WORK ITEM
No pictures go into the copy. Write out exactly the lines below from the one containing "Pseudicius encarpatus" through the one containing "View of mangoes lined up".

DATA FOR PROCESSING
· · · · · · ·

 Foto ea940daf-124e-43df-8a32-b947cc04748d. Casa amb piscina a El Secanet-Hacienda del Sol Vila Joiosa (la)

· · · · · · ·

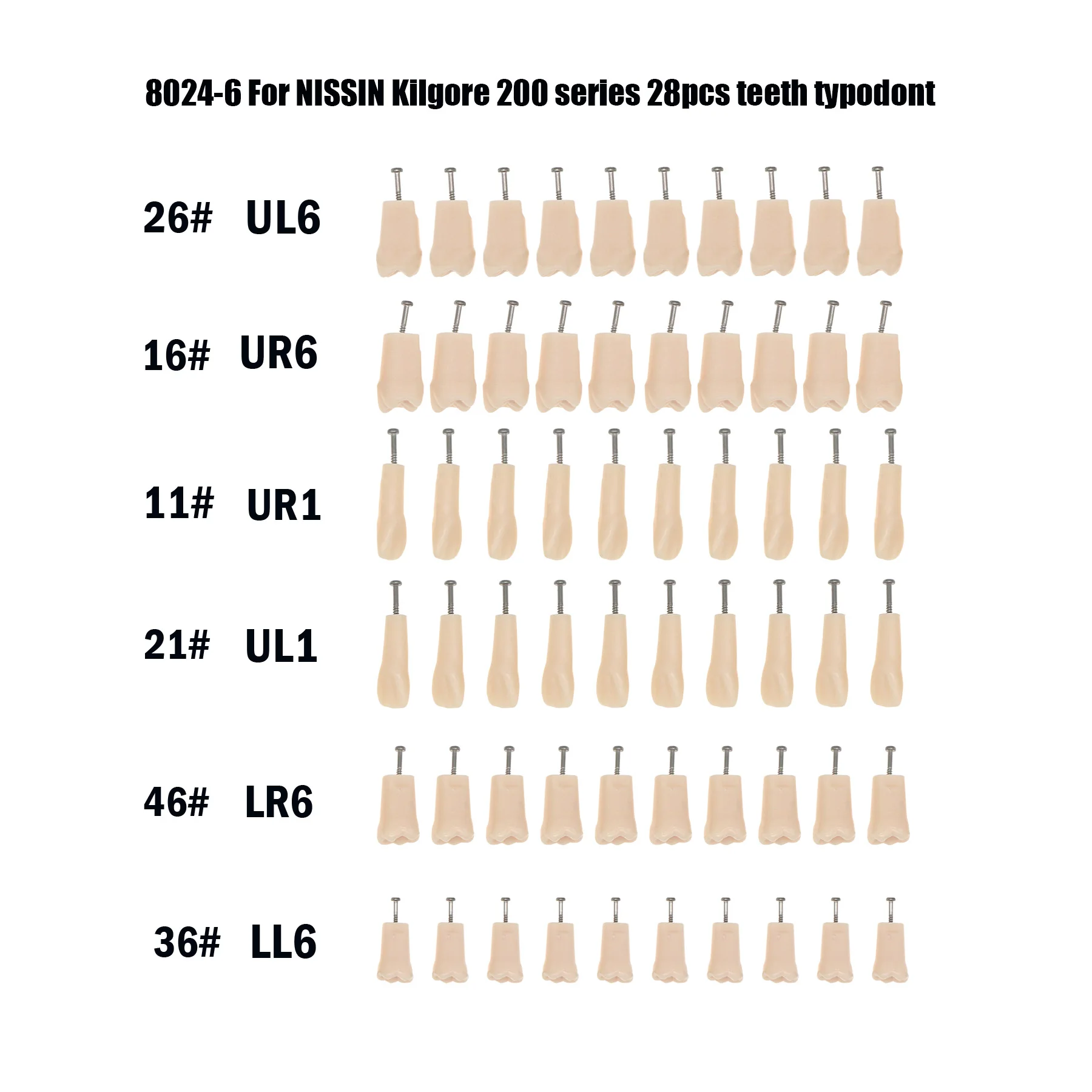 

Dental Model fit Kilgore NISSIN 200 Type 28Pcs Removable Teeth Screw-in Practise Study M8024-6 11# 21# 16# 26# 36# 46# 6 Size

· · · · · · ·

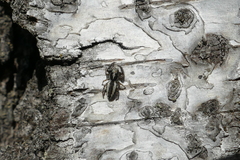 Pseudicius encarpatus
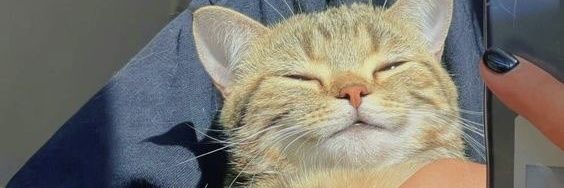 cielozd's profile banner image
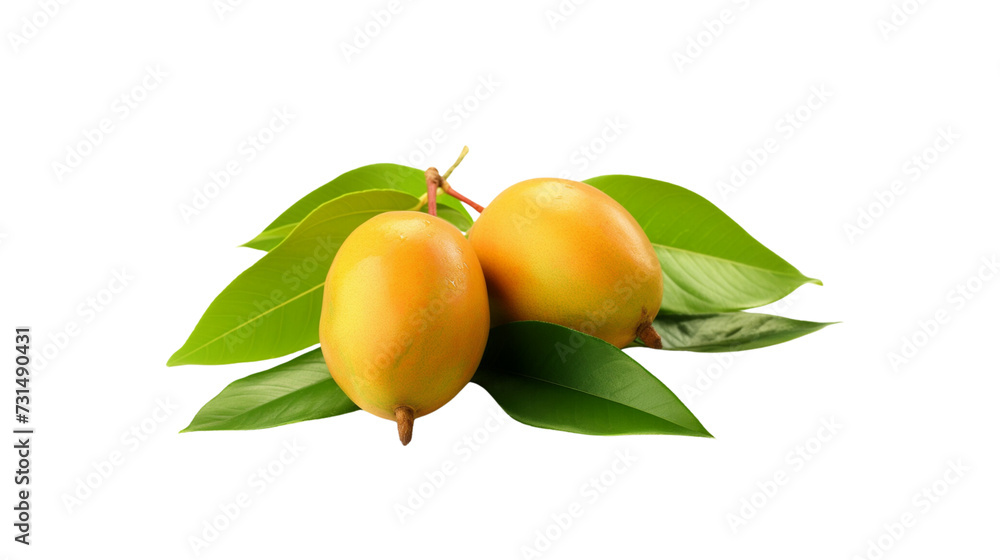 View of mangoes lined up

· · · · · · ·

ANSWER TO THE PROBLEM
 Pseudicius encarpatus
 cielozd's profile banner image
 View of mangoes lined up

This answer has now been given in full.